Jetzt meine Frage, sie klingt simpel, die Antwort ist es bestimmt auch, wei bekomme Eingabemöglichkeiten (z.B. Textfield) oder (formatierte) Ausgaben in die 3D Welt? Konnte nichts in dieser Richtung finden.

mfg
Drake


----------



## Marco13 (14. Mai 2008)

Was meinst du mit "*in* die 3D-Welt"? Dort mal einfach so ein TextField frei durch den Raum fliegen zu lassen ist alles andere als einfach (auch wenn' ich's mal versucht habe... http://www.java-forum.org/de/viewtopic.php?t=59563&postdays=0&postorder=asc&start=0 ). Üblicherweise hat man den Canvas3D (oder so) wo gezeichnet wird, und an der Seite daneben Eingabemöglichkeiten in einem Panel....


----------



## Drake (14. Mai 2008)

Danke, werds mir in ruhe anschauen.

mit "in die 3D Welt" mein ich in den den Szenegraphen (Ausdrucksweise ist pre Kaaffe bei mir leider immer so ne Sache).

Hab ein schönes Menu als 3D Szenerie erstellt (feste Kamerasicht).

Jetzt möchte ich in der Kampagnenszene eine Profilauswahl und Profil anlegen integrieren, daher die Frage.

mfg
Drake


----------



## Marco13 (14. Mai 2008)

Hmja, echte Swing-Components in den Szenegraphen packen ist erstmal nicht möglich. Selbst Swogl verwendet JOGL und einige Hack-Artige Konstrukte.


----------



## Illuvatar (14. Mai 2008)

Marco13 hat gesagt.:
			
		

> Hmja, echte Swing-Components in den Szenegraphen packen ist erstmal nicht möglich. Selbst Swogl verwendet JOGL und einige Hack-Artige Konstrukte.

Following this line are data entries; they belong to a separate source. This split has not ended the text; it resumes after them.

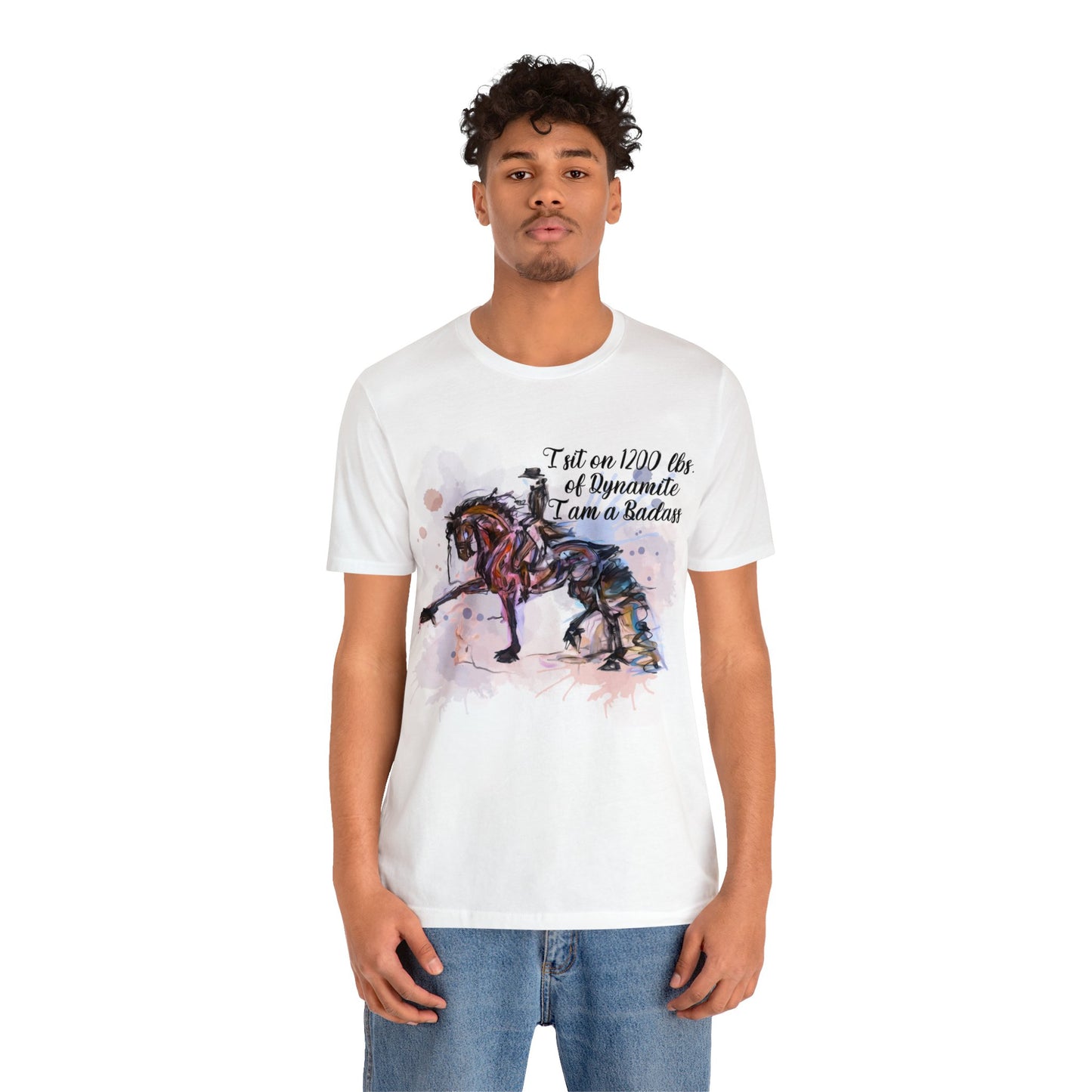 Copy of Raunchy Swearing Horse Art Unisex Jersey Short Sleeve Tee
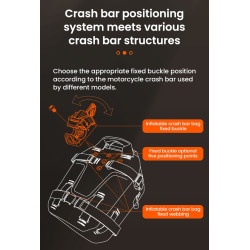 LOBOO WANDERER Wodoodporne (IPX6) torby boczne 6L (para) montowane na gmole, czarne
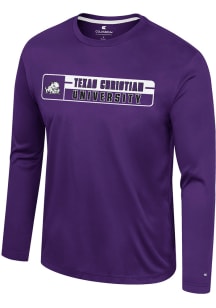 Colosseum TCU Horned Frogs Purple Eddie Long Sleeve T-Shirt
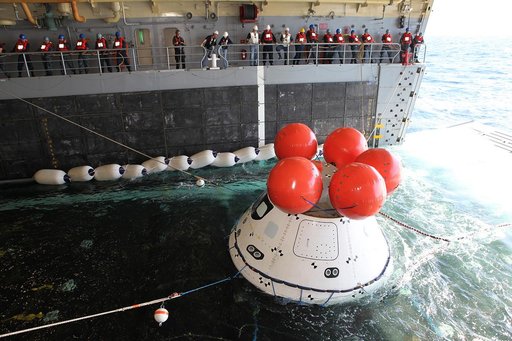 Orion Underway Recovery Tests 3 & 4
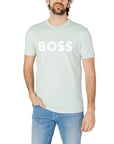 Boss Logo Pure Cotton T-Shirt - Multiple Colors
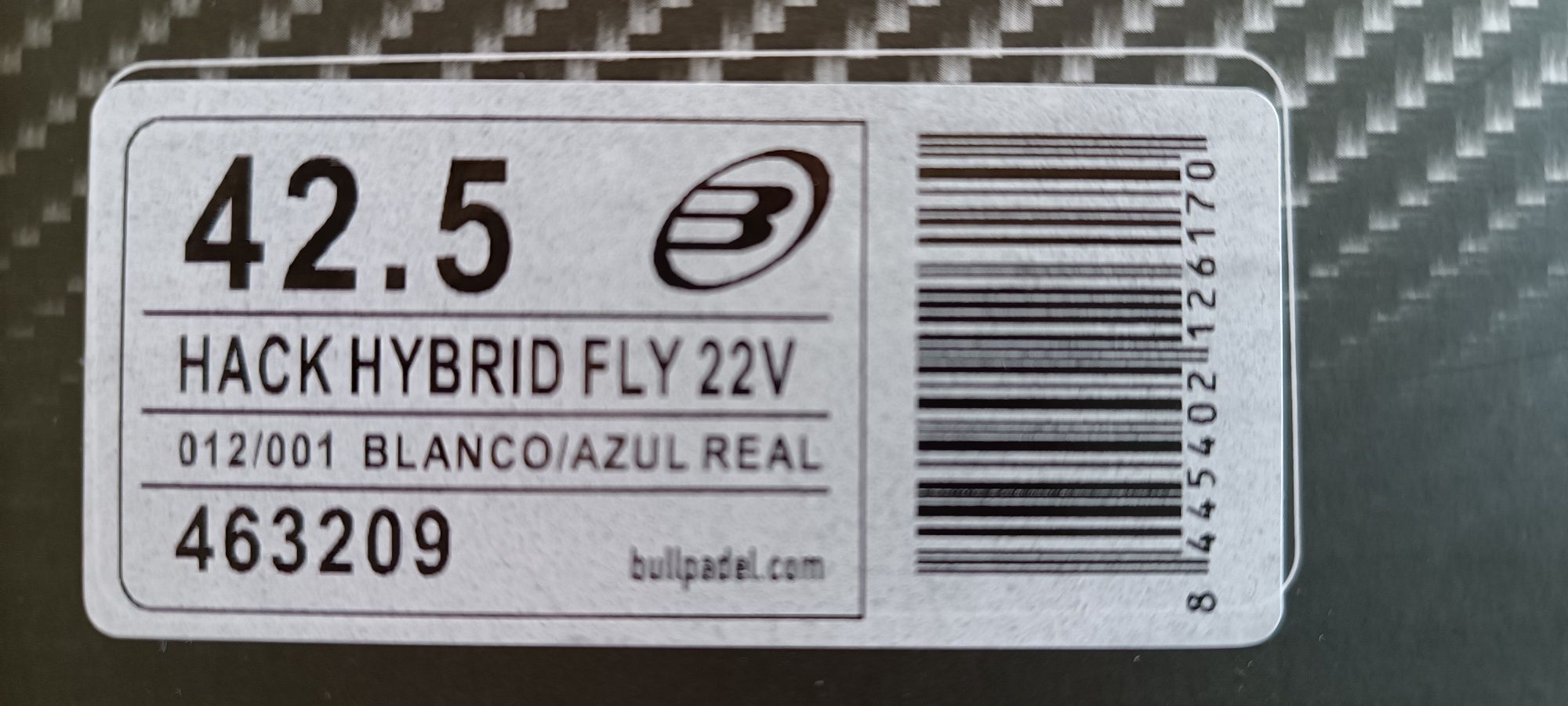 Sapatilhas Bullpadel Hack Hybrid FLY 22V
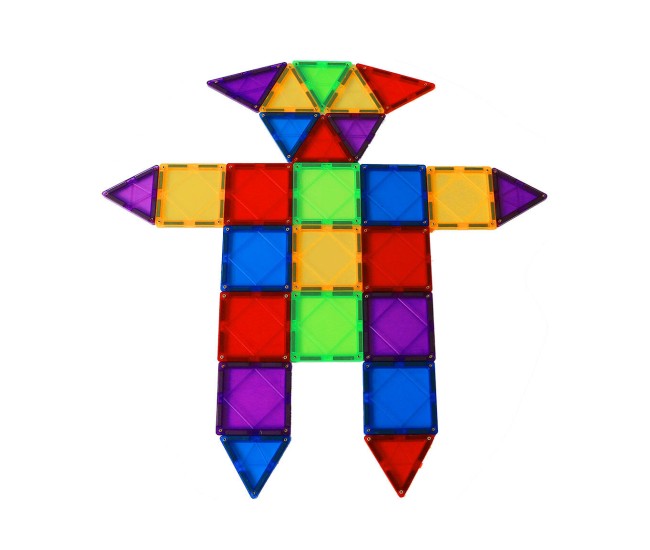 Set de constructie magnetic - 70 piese Set de constructie magnetic - 70 piese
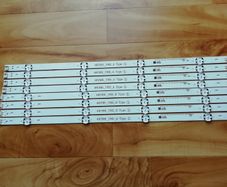 New 8pcs/set Led Backlight Strip For Lg Innotek 15.5y 49inch 49uh61_uhd_a B Type 49uh601v 49uh620v 49uh603v 49uh610v Eay63192605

Anders gesagt: Du müsstest eben alles selber machen. Ein QuadArray mit einem Quad, und in die Textur von dem musst du immer die Swing-Komponente zeichnen. Dann noch so Sachen wie Listener weitergeben, et voila 

ODER willst du nur sozusagen "über" dem Canvas3D noch (2D-)Swing-Komponenten haben? Das sollte zumindest einfacher zu bewerkstelligen sein, da muss man eben aufpassen, dass die Komponenten im postRender vom Canvas irgendwie gezeichnet werden.


----------



## Drake (17. Mai 2008)

Danke für die Antworten, aber ich glaube ich bin in Gedanken über mein eigentliches Ziel hinaus geschossen.

Da die Szenen, wo ich die Eingabe brauche, weder zoom - noch drehbar sind, rufe ich bei deren Aufruf einen JDialog auf, welcher sich somit automatisch über die Canvas legt.

mfg
Drake


----------